• [Prompt]: The required output is the lines of the listing from the beginning through the line containing "Healing Timeline: What", each copied exactly, without any pictures.

(Data excerpts begins)

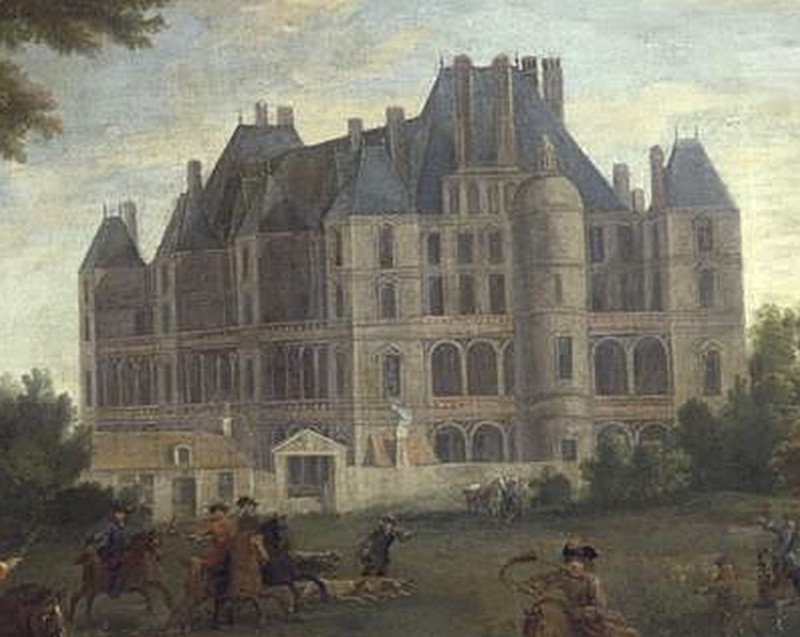 Château de Madrid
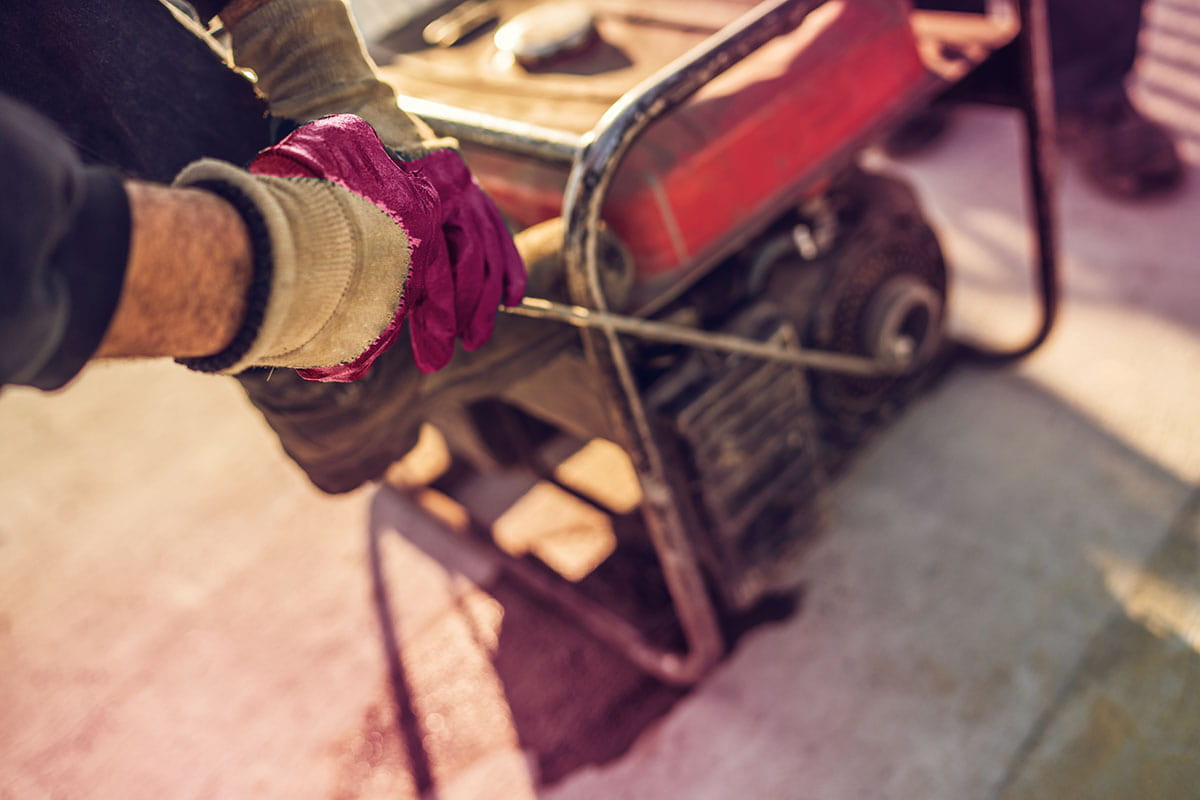 Burdur Jeneratörcü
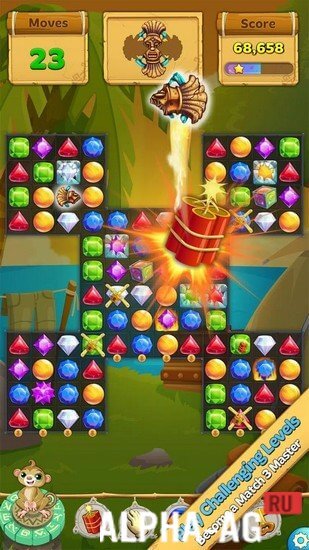 Crystal Island screenshot 4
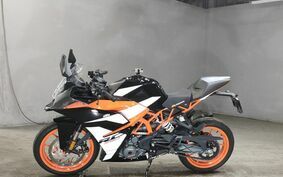 KTM 390 RC 2020 JYJ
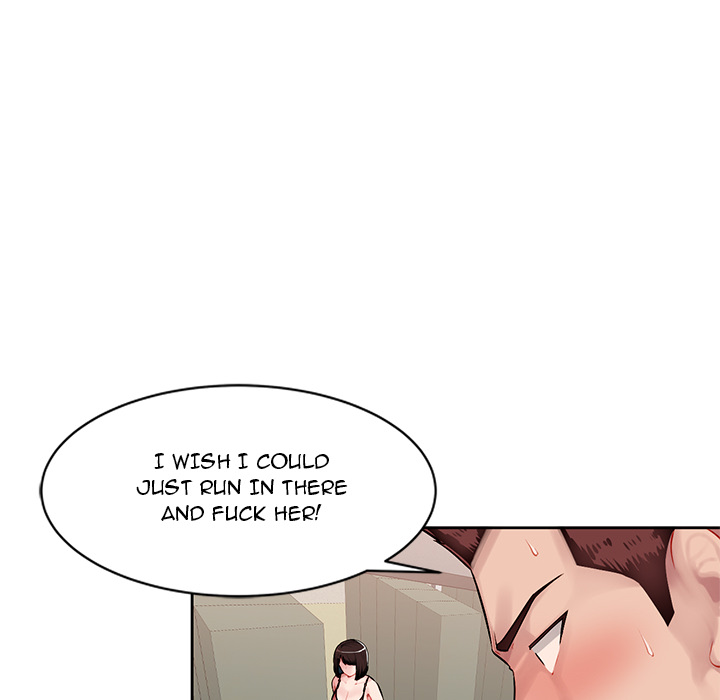 Boss Around chapter 1 page 134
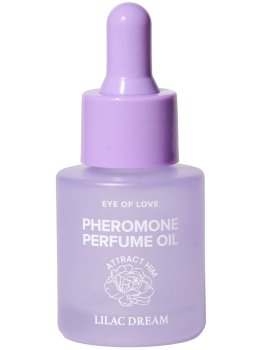 Parfémovaný olej s feromony pro ženy Lilac Dream, 20 ml – Feromony pro ženy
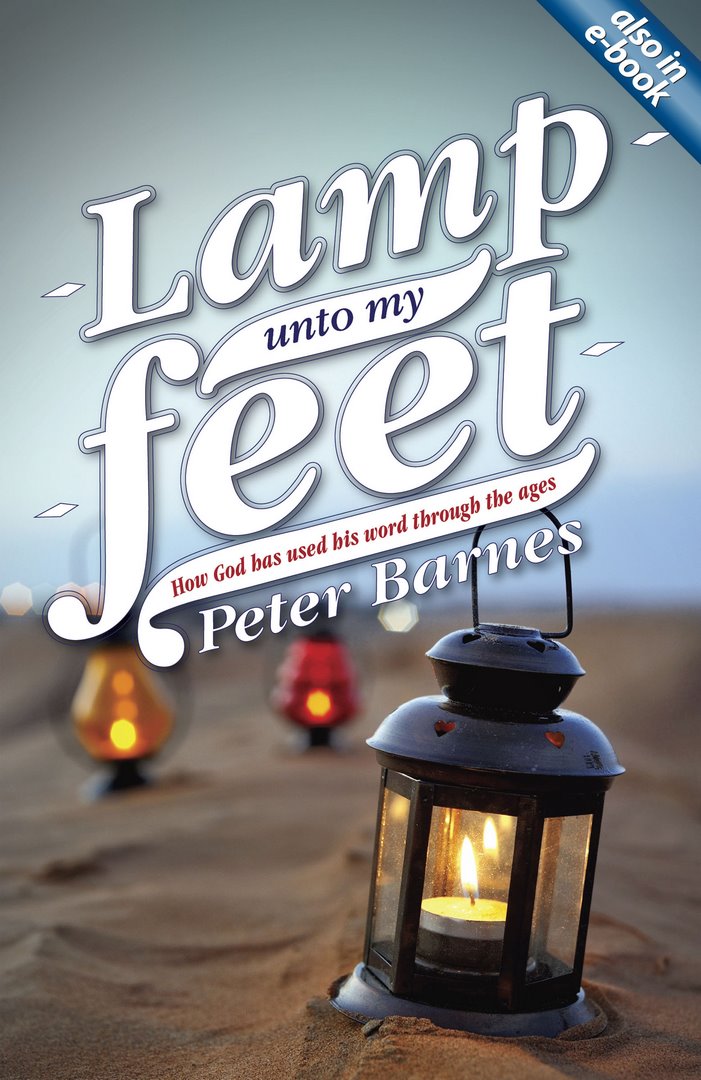 Lamp Unto My Feet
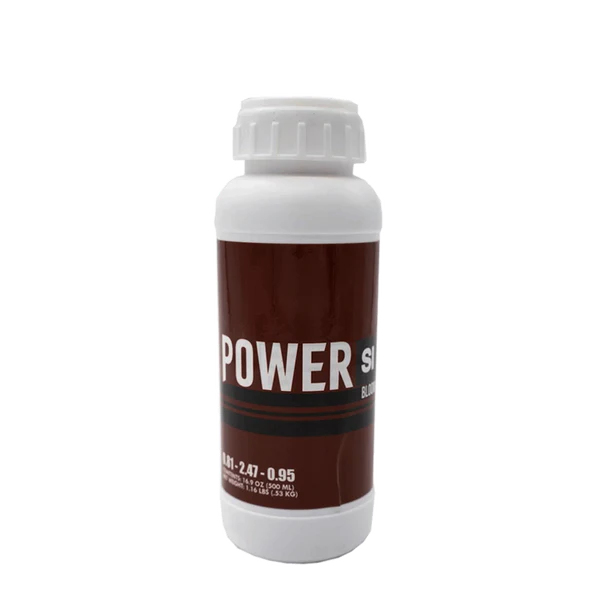 POWER SI BLOOM 500ML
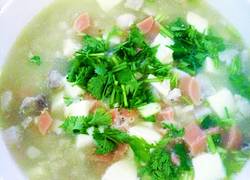 食材菜谱图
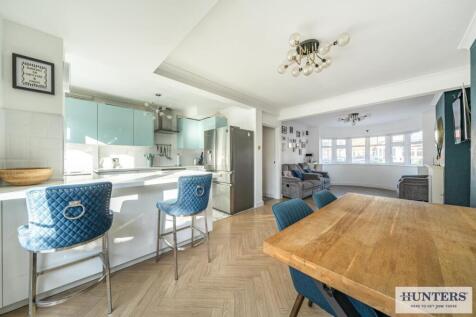 Kitchen/Diner/Lounge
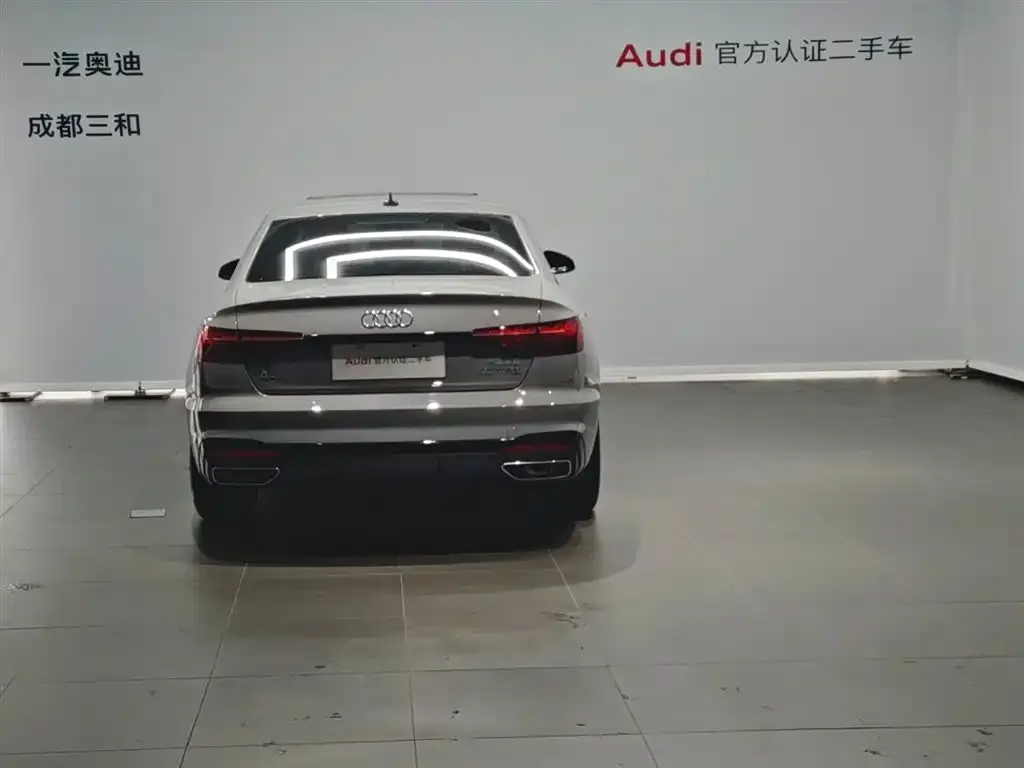 Audi A4L 2025 из CN, фото 2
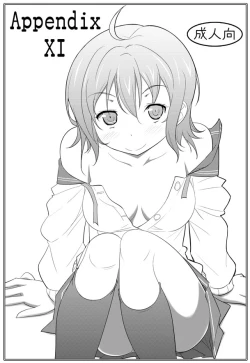 Page 1 of APPENDIX XI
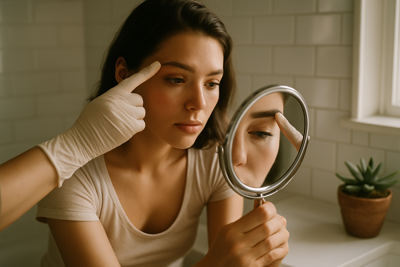 Healing Timeline: What Happens After Microblading?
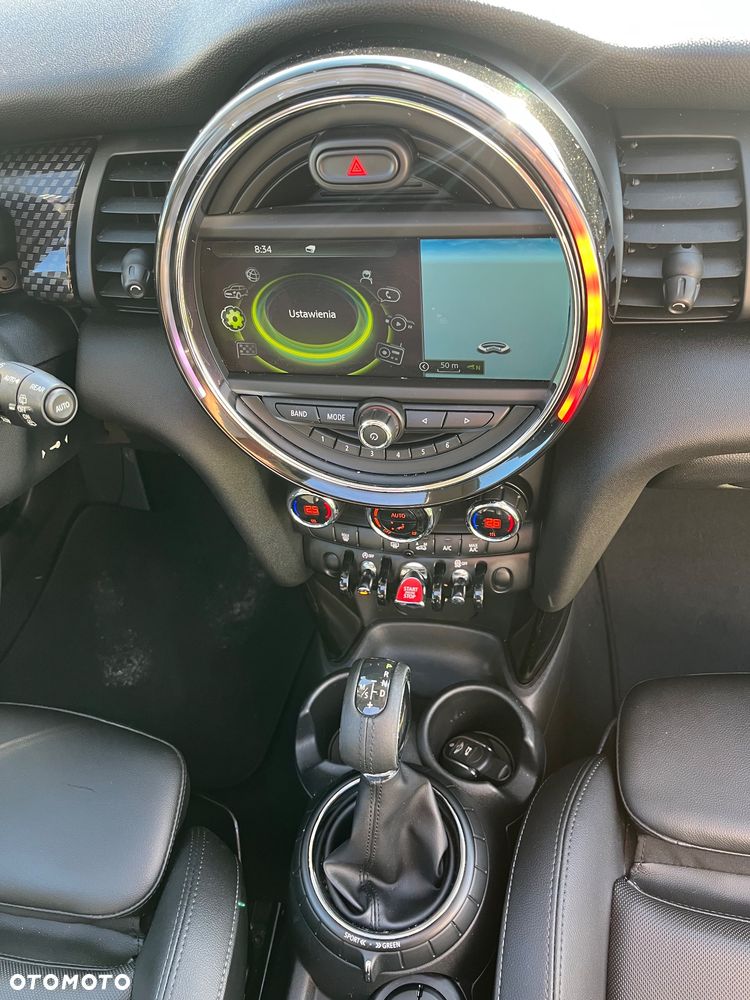 MINI Cooper S Sport-Aut - 8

(Data excerpts ends)

• [Written solution]:
 Château de Madrid
 Burdur Jeneratörcü
 Crystal Island screenshot 4
 KTM 390 RC 2020 JYJ
 Boss Around chapter 1 page 134
 Parfémovaný olej s feromony pro ženy Lilac Dream, 20 ml – Feromony pro ženy
 Lamp Unto My Feet
 POWER SI BLOOM 500ML
 食材菜谱图
 Kitchen/Diner/Lounge
 Audi A4L 2025 из CN, фото 2
 Page 1 of APPENDIX XI
 Healing Timeline: What Happens After Microblading?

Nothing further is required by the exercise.